• Work instruction:
Could you copy each line of the entries that contains "Pink"?

Items from a dataset:
· · · · · · ·
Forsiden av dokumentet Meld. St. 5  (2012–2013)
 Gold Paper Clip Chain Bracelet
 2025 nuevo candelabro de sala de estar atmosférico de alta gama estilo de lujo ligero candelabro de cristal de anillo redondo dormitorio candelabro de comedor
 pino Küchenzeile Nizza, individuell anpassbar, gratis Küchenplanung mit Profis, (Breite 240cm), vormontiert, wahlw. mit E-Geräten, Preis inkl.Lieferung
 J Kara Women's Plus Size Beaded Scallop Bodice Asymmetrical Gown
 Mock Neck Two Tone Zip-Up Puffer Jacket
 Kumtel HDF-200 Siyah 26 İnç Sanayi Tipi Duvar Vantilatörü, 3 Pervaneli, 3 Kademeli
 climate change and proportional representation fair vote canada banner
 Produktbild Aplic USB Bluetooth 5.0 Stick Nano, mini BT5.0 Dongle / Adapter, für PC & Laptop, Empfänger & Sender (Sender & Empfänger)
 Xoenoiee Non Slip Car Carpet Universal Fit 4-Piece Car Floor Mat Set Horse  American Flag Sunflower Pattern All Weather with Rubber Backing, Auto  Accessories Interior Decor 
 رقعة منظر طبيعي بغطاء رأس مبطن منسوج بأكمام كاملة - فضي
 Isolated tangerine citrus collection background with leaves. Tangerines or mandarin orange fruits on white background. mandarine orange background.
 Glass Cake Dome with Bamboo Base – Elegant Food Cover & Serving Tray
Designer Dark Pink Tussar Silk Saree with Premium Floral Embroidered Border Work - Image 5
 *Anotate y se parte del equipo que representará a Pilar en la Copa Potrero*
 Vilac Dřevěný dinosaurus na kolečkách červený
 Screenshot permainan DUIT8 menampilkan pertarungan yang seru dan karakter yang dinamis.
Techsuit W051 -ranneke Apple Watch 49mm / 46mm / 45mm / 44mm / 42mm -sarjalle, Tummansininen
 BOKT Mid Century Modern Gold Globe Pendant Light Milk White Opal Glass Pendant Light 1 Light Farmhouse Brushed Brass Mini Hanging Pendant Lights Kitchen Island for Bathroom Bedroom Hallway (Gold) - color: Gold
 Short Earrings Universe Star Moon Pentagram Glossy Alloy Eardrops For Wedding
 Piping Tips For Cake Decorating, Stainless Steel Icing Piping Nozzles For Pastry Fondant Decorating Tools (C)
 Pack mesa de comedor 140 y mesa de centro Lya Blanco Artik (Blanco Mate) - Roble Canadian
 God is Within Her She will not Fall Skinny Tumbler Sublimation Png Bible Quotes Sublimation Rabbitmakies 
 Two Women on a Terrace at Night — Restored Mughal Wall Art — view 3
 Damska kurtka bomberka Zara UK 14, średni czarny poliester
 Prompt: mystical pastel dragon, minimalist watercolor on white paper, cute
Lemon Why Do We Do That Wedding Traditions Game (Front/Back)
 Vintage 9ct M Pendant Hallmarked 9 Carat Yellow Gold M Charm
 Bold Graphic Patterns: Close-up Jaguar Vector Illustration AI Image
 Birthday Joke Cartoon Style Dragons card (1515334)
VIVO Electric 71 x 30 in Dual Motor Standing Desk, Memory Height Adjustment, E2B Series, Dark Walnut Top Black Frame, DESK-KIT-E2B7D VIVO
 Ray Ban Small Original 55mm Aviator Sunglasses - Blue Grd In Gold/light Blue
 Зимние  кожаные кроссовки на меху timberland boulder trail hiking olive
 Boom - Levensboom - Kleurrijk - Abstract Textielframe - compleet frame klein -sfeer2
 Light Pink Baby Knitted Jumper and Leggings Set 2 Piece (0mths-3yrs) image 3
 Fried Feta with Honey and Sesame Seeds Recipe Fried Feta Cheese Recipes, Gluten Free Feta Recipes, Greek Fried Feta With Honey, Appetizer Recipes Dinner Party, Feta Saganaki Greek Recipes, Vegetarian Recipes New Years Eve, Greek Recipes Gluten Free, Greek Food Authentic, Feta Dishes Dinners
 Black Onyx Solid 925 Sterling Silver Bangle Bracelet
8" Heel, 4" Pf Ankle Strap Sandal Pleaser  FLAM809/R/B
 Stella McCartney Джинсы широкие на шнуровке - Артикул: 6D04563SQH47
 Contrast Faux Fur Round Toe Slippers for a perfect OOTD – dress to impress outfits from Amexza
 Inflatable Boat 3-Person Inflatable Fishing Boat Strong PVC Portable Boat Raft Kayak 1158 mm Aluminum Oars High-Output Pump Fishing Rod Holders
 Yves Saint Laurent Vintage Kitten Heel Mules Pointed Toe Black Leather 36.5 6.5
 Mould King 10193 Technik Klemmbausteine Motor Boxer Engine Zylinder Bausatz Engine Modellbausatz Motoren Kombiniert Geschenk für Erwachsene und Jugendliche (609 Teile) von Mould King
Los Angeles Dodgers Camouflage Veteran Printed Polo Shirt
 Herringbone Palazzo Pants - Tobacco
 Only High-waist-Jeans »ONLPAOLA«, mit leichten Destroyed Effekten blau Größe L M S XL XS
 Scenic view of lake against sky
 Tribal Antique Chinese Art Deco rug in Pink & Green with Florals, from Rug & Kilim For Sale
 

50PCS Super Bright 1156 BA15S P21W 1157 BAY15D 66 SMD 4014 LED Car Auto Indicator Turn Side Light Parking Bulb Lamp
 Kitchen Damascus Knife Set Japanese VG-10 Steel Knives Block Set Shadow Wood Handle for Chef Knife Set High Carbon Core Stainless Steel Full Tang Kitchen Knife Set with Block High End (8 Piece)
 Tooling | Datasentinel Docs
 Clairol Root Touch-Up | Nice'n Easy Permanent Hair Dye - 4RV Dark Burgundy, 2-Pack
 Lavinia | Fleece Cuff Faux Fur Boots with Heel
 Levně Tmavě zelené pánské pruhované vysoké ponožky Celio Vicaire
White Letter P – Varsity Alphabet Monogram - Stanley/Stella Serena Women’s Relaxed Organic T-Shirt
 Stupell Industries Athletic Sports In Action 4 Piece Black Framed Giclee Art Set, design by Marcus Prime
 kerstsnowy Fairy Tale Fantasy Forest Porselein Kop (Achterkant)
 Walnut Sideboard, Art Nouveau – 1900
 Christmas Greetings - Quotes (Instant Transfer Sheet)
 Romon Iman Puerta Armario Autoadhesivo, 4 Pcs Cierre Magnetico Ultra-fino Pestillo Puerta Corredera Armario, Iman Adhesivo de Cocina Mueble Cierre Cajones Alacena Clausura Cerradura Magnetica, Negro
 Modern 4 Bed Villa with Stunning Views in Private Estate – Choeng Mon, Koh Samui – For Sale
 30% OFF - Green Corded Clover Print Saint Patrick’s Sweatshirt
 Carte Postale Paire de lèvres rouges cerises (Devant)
· · · · · · ·
• Exercise solution:
Designer Dark Pink Tussar Silk Saree with Premium Floral Embroidered Border Work - Image 5
 Light Pink Baby Knitted Jumper and Leggings Set 2 Piece (0mths-3yrs) image 3
 Tribal Antique Chinese Art Deco rug in Pink & Green with Florals, from Rug & Kilim For Sale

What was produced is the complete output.